The largest dairy farm in Australia is owned by an investment firm in China, but the firm is going through instability after a mass resignation on the company’s board.
Moon Lake Investments purchased the Van Diemen’s Land Company (VDL) in 2015 for approximately $210 million (AUD$280 million). The purchase by Moon Lake’s owner Xianfeng Lu was scrutinized at the time and had to win approval from government officials.
VDL milks 17,900 cows on the island of Tasmania and has 17,450 acres of agriculture land. At the time of the purchase Moon Lake guaranteed 140 jobs locally while promising to create an additional 95 jobs and investing $75 million (AUD$100 million) into the local dairy industry. The Tasmanian government is allowing VDL to clear an additional 4,447 acres of native land to expand farming operations.
On April 28, the Australian non-executive directors of Moon Lake Investments and its chief executive staged a mass resignation. David Crean, Rob Poole, Simon Lyons, Keith Sutton, and Bruce Donnison all resigned, while the VDL Farms chief executive Evan Rolley will not continue working past June 30.
Crean says that the owner, Lu, would not take their advice on how to run the business such as buying irrigation equipment and the leadership structure.
“There’s inadequate irrigation, so we strongly recommended that as the number one priority that adequate water storage facilities be built to provide irrigation in future years to mitigate against drought, and that was rejected,” Crean says.
Under the company’s restructuring VDL would be owned by a holding company, which would in turn be owned by Ningbo Xianfeng New Material Co Ltd (APlus), which is listed on the Shenzhen stock exchange. Lu would also serve as the CEO for all of the companies, including the farm.
Crean and other board members disagreed with this leadership move as they believed a dedicated CEO needed to run the farm.
The board had also advised fixing lanes for cows to travel from pastures in an effort to reduce lameness and building fence to keep off wallabies that were grazing down forage.

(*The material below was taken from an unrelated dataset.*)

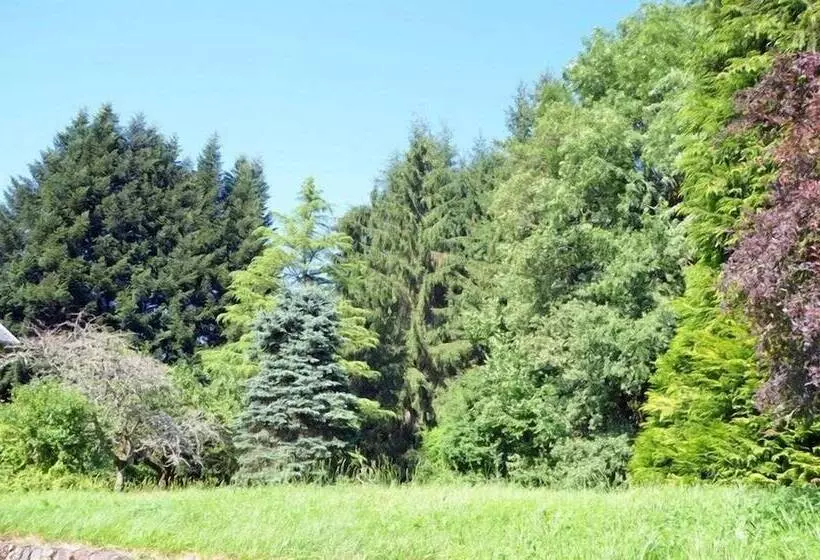ホテル La Source Du Mont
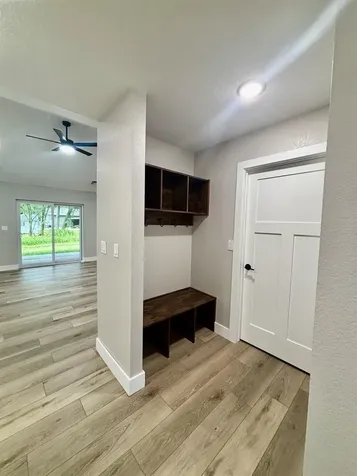 605 3rd Delhi IA 52223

“It’s the largest dairy business in Australia,” Crean says. “You’ve got to make that a sustainable and profitable business. We didn’t see that happening at the time we resigned. Or we couldn’t convince him to pursue that path.”

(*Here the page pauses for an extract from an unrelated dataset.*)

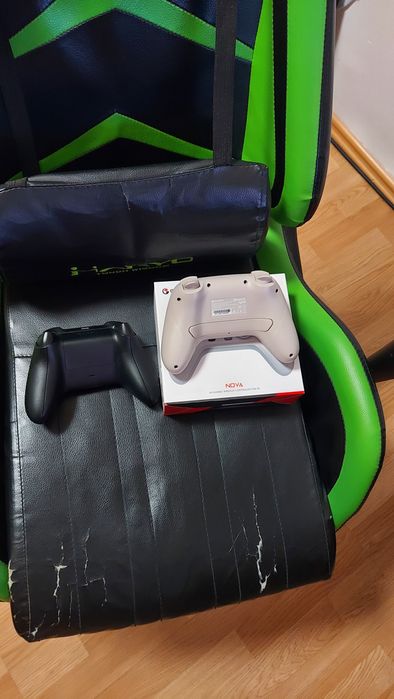 Set 2 controller xbox și game șir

Andrew Wilkie, Australian Parliament representative for Tasmania, believes this is a bad sign for the foreign owned agriculture business.
“Instead Australia’s biggest dairy producing asset has become just another Chinese mass production center for low-value products,” Wilkie says. “No wonder the Australia board is bailing out. Those who opposed the sale were right all along.”
Another one of the promises by Moon Lake that has yet to be delivered on is a fence that will help prevent the spread of a deadly disease amongst Tasmanian Devils.